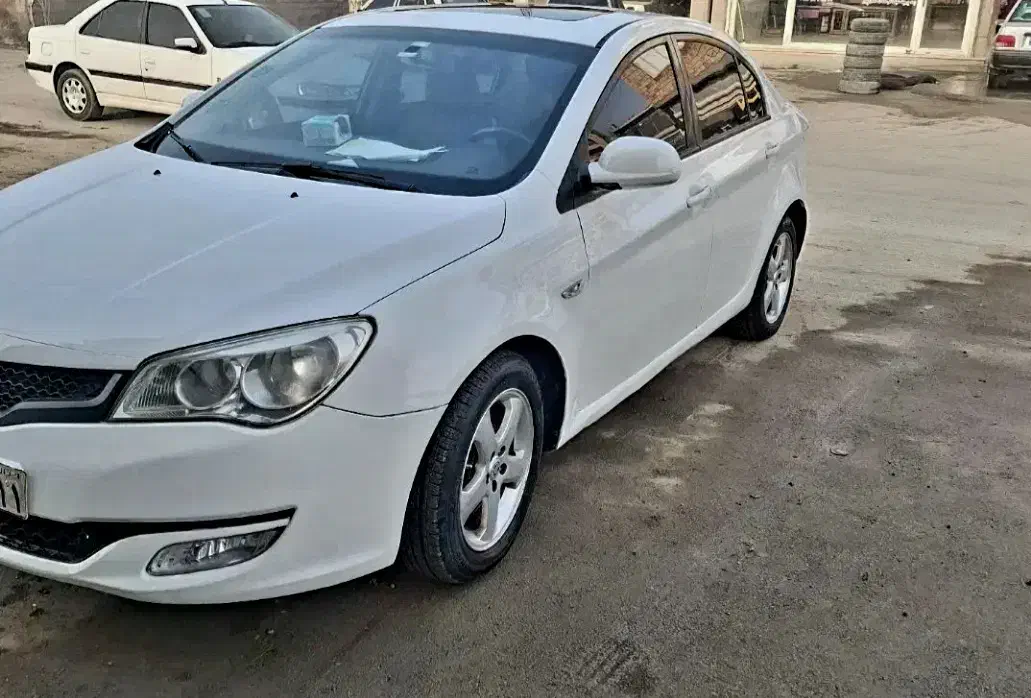 ام جی ۳۵۰ مدل۲۰۱۳ خیلی تمیز|خودرو سواری و وانت|تهران, شهرک آزادی|دیوار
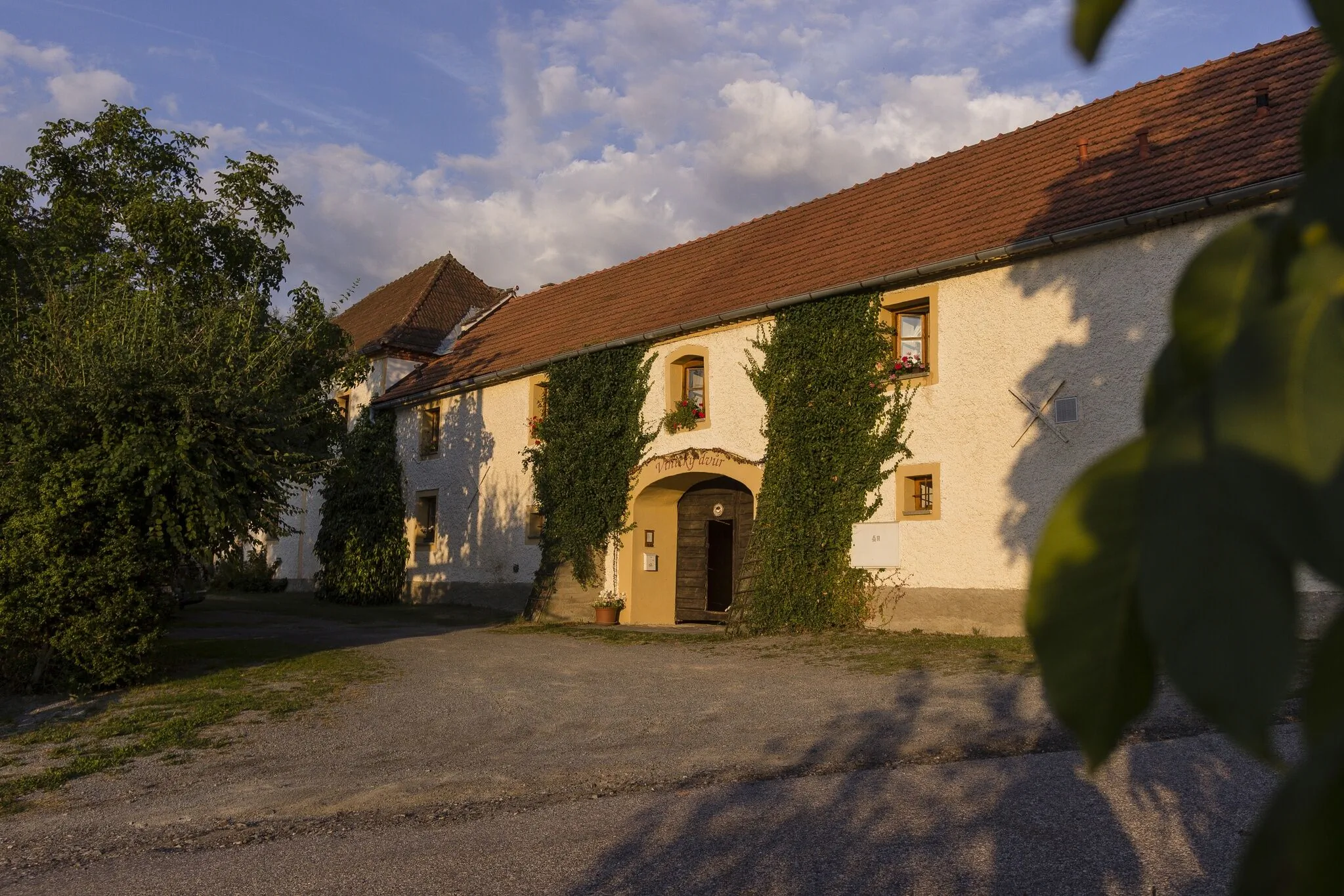 Vinický dvůr Omlenice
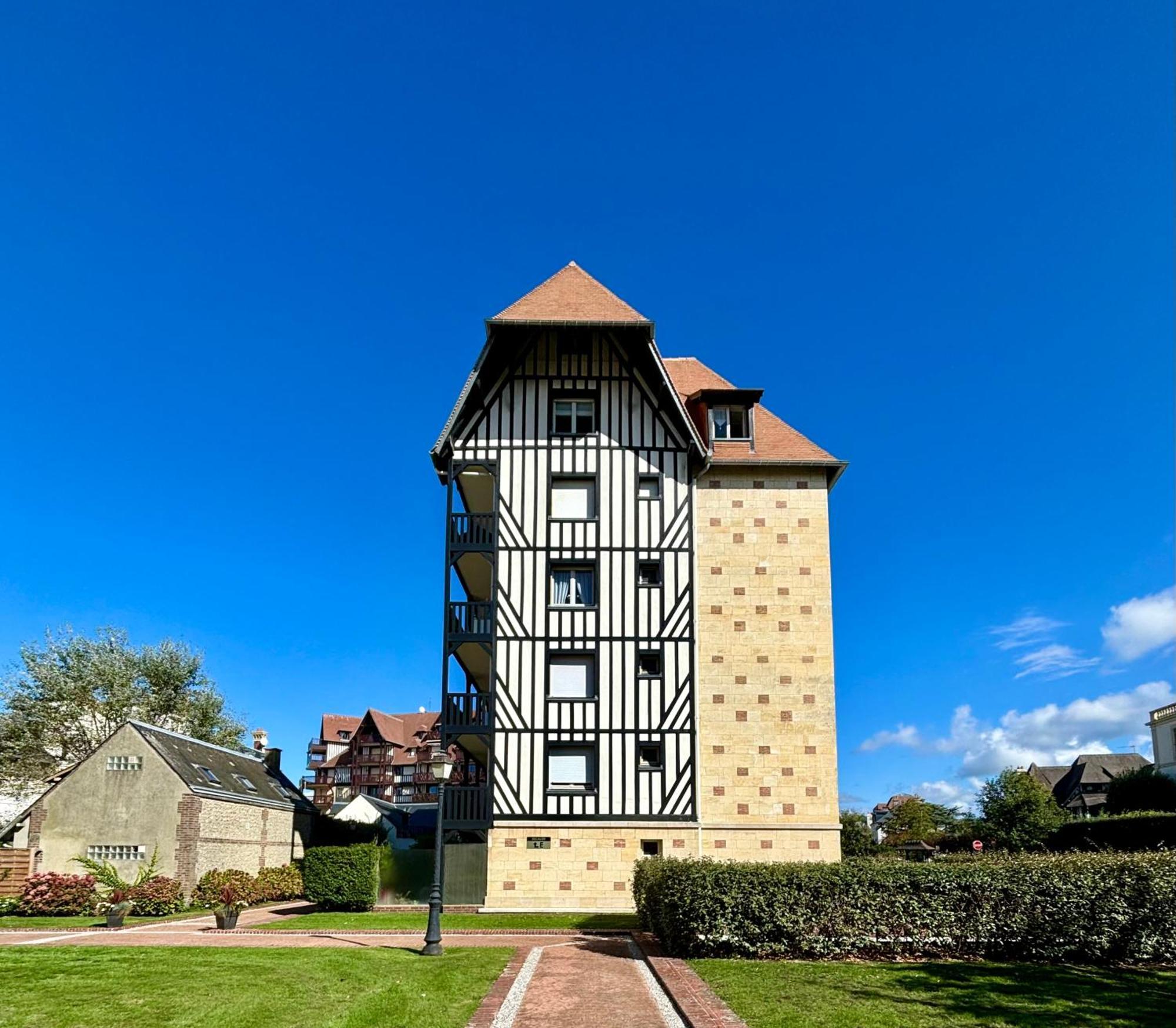 Studio En Rez De Jardin Deauville Centre Et Plage Ngoại thất bức ảnh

- **What the task requires**: Starting at the line that contains "Vinický dvůr Omlenice", write out exactly each line through the last one in the listing above, leaving out the pictures and adding nothing else.

- **Task answer**:
 Vinický dvůr Omlenice
 Studio En Rez De Jardin Deauville Centre Et Plage Ngoại thất bức ảnh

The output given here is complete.